[Data entries]
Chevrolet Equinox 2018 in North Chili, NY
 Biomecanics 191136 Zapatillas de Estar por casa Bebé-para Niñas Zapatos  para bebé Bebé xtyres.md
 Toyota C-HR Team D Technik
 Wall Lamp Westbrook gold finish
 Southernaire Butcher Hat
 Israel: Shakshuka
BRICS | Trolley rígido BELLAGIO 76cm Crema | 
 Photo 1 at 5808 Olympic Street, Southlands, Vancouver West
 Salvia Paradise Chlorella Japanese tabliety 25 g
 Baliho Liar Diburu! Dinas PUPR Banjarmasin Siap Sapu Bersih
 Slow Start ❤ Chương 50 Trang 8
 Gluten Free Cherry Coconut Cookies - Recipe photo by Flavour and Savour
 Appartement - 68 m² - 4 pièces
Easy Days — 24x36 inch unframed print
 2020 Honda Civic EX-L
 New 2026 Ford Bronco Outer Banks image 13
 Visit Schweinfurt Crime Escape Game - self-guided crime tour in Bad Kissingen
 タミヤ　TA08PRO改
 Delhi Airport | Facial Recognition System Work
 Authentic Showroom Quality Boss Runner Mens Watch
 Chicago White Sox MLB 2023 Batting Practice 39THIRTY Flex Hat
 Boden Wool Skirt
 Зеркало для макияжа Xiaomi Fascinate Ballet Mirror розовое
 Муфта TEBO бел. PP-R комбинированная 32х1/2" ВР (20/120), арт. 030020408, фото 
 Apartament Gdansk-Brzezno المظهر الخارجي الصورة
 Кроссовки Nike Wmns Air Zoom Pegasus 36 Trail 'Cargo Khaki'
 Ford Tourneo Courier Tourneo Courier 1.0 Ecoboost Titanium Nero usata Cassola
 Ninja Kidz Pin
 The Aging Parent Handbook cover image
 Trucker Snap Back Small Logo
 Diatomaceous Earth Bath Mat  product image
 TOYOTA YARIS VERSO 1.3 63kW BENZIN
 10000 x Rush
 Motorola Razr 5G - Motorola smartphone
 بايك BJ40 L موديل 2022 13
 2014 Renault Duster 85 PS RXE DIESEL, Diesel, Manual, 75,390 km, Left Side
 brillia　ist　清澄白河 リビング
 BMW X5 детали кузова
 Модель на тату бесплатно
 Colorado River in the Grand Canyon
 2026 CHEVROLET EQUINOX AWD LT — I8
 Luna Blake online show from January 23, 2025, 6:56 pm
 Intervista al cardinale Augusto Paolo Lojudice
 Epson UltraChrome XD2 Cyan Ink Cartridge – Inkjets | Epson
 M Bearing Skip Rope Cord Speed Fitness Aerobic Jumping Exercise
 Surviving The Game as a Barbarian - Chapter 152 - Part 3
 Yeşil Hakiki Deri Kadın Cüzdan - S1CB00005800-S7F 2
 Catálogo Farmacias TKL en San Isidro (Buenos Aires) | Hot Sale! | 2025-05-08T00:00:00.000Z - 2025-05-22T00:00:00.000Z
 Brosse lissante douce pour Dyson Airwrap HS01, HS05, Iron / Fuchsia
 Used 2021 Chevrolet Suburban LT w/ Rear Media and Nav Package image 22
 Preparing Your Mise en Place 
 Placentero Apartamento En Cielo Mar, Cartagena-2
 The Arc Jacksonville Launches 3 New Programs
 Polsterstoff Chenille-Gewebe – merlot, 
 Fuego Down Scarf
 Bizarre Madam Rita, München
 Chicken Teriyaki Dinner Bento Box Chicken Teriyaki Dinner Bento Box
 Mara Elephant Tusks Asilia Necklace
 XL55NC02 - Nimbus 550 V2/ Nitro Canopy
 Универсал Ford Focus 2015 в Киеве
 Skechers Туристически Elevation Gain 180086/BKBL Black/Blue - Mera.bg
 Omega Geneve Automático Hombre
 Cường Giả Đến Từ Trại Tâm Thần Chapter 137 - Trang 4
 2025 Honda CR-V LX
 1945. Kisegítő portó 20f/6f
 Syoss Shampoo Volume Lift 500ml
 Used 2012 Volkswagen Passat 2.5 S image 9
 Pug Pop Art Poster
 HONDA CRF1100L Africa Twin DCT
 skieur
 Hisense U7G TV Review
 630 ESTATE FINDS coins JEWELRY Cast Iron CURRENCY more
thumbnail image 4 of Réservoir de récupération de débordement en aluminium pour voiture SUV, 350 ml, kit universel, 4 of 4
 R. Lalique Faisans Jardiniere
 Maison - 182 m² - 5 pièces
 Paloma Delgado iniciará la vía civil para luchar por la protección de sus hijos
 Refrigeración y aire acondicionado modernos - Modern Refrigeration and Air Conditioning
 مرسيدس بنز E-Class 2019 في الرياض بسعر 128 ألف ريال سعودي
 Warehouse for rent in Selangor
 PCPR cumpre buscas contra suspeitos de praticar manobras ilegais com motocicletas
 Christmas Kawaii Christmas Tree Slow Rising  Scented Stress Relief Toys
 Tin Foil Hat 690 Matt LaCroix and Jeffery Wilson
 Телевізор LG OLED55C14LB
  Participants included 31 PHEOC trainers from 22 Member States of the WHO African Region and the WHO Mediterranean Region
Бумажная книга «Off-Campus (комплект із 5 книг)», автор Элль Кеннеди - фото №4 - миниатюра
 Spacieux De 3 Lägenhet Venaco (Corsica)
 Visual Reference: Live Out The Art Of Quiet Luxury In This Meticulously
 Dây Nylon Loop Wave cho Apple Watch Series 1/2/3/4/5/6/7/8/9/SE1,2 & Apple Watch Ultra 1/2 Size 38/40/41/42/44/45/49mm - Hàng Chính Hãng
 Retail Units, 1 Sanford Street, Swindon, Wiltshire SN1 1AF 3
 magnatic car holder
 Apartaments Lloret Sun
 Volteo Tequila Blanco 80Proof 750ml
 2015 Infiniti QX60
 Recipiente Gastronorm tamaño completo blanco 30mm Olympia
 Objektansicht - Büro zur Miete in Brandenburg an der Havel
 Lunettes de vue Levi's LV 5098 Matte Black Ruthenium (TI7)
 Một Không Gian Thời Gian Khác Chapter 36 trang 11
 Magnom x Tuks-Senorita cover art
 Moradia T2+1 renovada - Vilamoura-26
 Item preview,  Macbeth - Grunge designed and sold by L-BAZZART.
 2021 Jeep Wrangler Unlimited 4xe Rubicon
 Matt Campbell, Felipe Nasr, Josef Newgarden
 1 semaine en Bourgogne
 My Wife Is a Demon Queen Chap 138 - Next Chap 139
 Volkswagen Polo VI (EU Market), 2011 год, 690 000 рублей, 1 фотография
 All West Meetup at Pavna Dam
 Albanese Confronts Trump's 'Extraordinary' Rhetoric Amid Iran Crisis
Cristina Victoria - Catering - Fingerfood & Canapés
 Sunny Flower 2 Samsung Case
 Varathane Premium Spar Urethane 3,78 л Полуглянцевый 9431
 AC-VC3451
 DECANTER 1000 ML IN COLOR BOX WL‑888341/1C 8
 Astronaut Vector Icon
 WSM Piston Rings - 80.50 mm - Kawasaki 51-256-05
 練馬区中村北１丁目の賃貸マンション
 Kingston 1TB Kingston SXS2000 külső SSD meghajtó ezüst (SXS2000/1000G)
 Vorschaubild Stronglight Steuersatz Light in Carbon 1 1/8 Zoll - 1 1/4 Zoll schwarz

WHAT YOU WILL DO
Without omitting anything, output the data verbatim.

SOLUTION BELOW
Chevrolet Equinox 2018 in North Chili, NY
 Biomecanics 191136 Zapatillas de Estar por casa Bebé-para Niñas Zapatos  para bebé Bebé xtyres.md
 Toyota C-HR Team D Technik
 Wall Lamp Westbrook gold finish
 Southernaire Butcher Hat
 Israel: Shakshuka
BRICS | Trolley rígido BELLAGIO 76cm Crema | 
 Photo 1 at 5808 Olympic Street, Southlands, Vancouver West
 Salvia Paradise Chlorella Japanese tabliety 25 g
 Baliho Liar Diburu! Dinas PUPR Banjarmasin Siap Sapu Bersih
 Slow Start ❤ Chương 50 Trang 8
 Gluten Free Cherry Coconut Cookies - Recipe photo by Flavour and Savour
 Appartement - 68 m² - 4 pièces
Easy Days — 24x36 inch unframed print
 2020 Honda Civic EX-L
 New 2026 Ford Bronco Outer Banks image 13
 Visit Schweinfurt Crime Escape Game - self-guided crime tour in Bad Kissingen
 タミヤ　TA08PRO改
 Delhi Airport | Facial Recognition System Work
 Authentic Showroom Quality Boss Runner Mens Watch
 Chicago White Sox MLB 2023 Batting Practice 39THIRTY Flex Hat
 Boden Wool Skirt
 Зеркало для макияжа Xiaomi Fascinate Ballet Mirror розовое
 Муфта TEBO бел. PP-R комбинированная 32х1/2" ВР (20/120), арт. 030020408, фото 
 Apartament Gdansk-Brzezno المظهر الخارجي الصورة
 Кроссовки Nike Wmns Air Zoom Pegasus 36 Trail 'Cargo Khaki'
 Ford Tourneo Courier Tourneo Courier 1.0 Ecoboost Titanium Nero usata Cassola
 Ninja Kidz Pin
 The Aging Parent Handbook cover image
 Trucker Snap Back Small Logo
 Diatomaceous Earth Bath Mat  product image
 TOYOTA YARIS VERSO 1.3 63kW BENZIN
 10000 x Rush
 Motorola Razr 5G - Motorola smartphone
 بايك BJ40 L موديل 2022 13
 2014 Renault Duster 85 PS RXE DIESEL, Diesel, Manual, 75,390 km, Left Side
 brillia　ist　清澄白河 リビング
 BMW X5 детали кузова
 Модель на тату бесплатно
 Colorado River in the Grand Canyon
 2026 CHEVROLET EQUINOX AWD LT — I8
 Luna Blake online show from January 23, 2025, 6:56 pm
 Intervista al cardinale Augusto Paolo Lojudice
 Epson UltraChrome XD2 Cyan Ink Cartridge – Inkjets | Epson
 M Bearing Skip Rope Cord Speed Fitness Aerobic Jumping Exercise
 Surviving The Game as a Barbarian - Chapter 152 - Part 3
 Yeşil Hakiki Deri Kadın Cüzdan - S1CB00005800-S7F 2
 Catálogo Farmacias TKL en San Isidro (Buenos Aires) | Hot Sale! | 2025-05-08T00:00:00.000Z - 2025-05-22T00:00:00.000Z
 Brosse lissante douce pour Dyson Airwrap HS01, HS05, Iron / Fuchsia
 Used 2021 Chevrolet Suburban LT w/ Rear Media and Nav Package image 22
 Preparing Your Mise en Place 
 Placentero Apartamento En Cielo Mar, Cartagena-2
 The Arc Jacksonville Launches 3 New Programs
 Polsterstoff Chenille-Gewebe – merlot, 
 Fuego Down Scarf
 Bizarre Madam Rita, München
 Chicken Teriyaki Dinner Bento Box Chicken Teriyaki Dinner Bento Box
 Mara Elephant Tusks Asilia Necklace
 XL55NC02 - Nimbus 550 V2/ Nitro Canopy
 Универсал Ford Focus 2015 в Киеве
 Skechers Туристически Elevation Gain 180086/BKBL Black/Blue - Mera.bg
 Omega Geneve Automático Hombre
 Cường Giả Đến Từ Trại Tâm Thần Chapter 137 - Trang 4
 2025 Honda CR-V LX
 1945. Kisegítő portó 20f/6f
 Syoss Shampoo Volume Lift 500ml
 Used 2012 Volkswagen Passat 2.5 S image 9
 Pug Pop Art Poster
 HONDA CRF1100L Africa Twin DCT
 skieur
 Hisense U7G TV Review
 630 ESTATE FINDS coins JEWELRY Cast Iron CURRENCY more
thumbnail image 4 of Réservoir de récupération de débordement en aluminium pour voiture SUV, 350 ml, kit universel, 4 of 4
 R. Lalique Faisans Jardiniere
 Maison - 182 m² - 5 pièces
 Paloma Delgado iniciará la vía civil para luchar por la protección de sus hijos
 Refrigeración y aire acondicionado modernos - Modern Refrigeration and Air Conditioning
 مرسيدس بنز E-Class 2019 في الرياض بسعر 128 ألف ريال سعودي
 Warehouse for rent in Selangor
 PCPR cumpre buscas contra suspeitos de praticar manobras ilegais com motocicletas
 Christmas Kawaii Christmas Tree Slow Rising  Scented Stress Relief Toys
 Tin Foil Hat 690 Matt LaCroix and Jeffery Wilson
 Телевізор LG OLED55C14LB
  Participants included 31 PHEOC trainers from 22 Member States of the WHO African Region and the WHO Mediterranean Region
Бумажная книга «Off-Campus (комплект із 5 книг)», автор Элль Кеннеди - фото №4 - миниатюра
 Spacieux De 3 Lägenhet Venaco (Corsica)
 Visual Reference: Live Out The Art Of Quiet Luxury In This Meticulously
 Dây Nylon Loop Wave cho Apple Watch Series 1/2/3/4/5/6/7/8/9/SE1,2 & Apple Watch Ultra 1/2 Size 38/40/41/42/44/45/49mm - Hàng Chính Hãng
 Retail Units, 1 Sanford Street, Swindon, Wiltshire SN1 1AF 3
 magnatic car holder
 Apartaments Lloret Sun
 Volteo Tequila Blanco 80Proof 750ml
 2015 Infiniti QX60
 Recipiente Gastronorm tamaño completo blanco 30mm Olympia
 Objektansicht - Büro zur Miete in Brandenburg an der Havel
 Lunettes de vue Levi's LV 5098 Matte Black Ruthenium (TI7)
 Một Không Gian Thời Gian Khác Chapter 36 trang 11
 Magnom x Tuks-Senorita cover art
 Moradia T2+1 renovada - Vilamoura-26
 Item preview,  Macbeth - Grunge designed and sold by L-BAZZART.
 2021 Jeep Wrangler Unlimited 4xe Rubicon
 Matt Campbell, Felipe Nasr, Josef Newgarden
 1 semaine en Bourgogne
 My Wife Is a Demon Queen Chap 138 - Next Chap 139
 Volkswagen Polo VI (EU Market), 2011 год, 690 000 рублей, 1 фотография
 All West Meetup at Pavna Dam
 Albanese Confronts Trump's 'Extraordinary' Rhetoric Amid Iran Crisis
Cristina Victoria - Catering - Fingerfood & Canapés
 Sunny Flower 2 Samsung Case
 Varathane Premium Spar Urethane 3,78 л Полуглянцевый 9431
 AC-VC3451
 DECANTER 1000 ML IN COLOR BOX WL‑888341/1C 8
 Astronaut Vector Icon
 WSM Piston Rings - 80.50 mm - Kawasaki 51-256-05
 練馬区中村北１丁目の賃貸マンション
 Kingston 1TB Kingston SXS2000 külső SSD meghajtó ezüst (SXS2000/1000G)
 Vorschaubild Stronglight Steuersatz Light in Carbon 1 1/8 Zoll - 1 1/4 Zoll schwarz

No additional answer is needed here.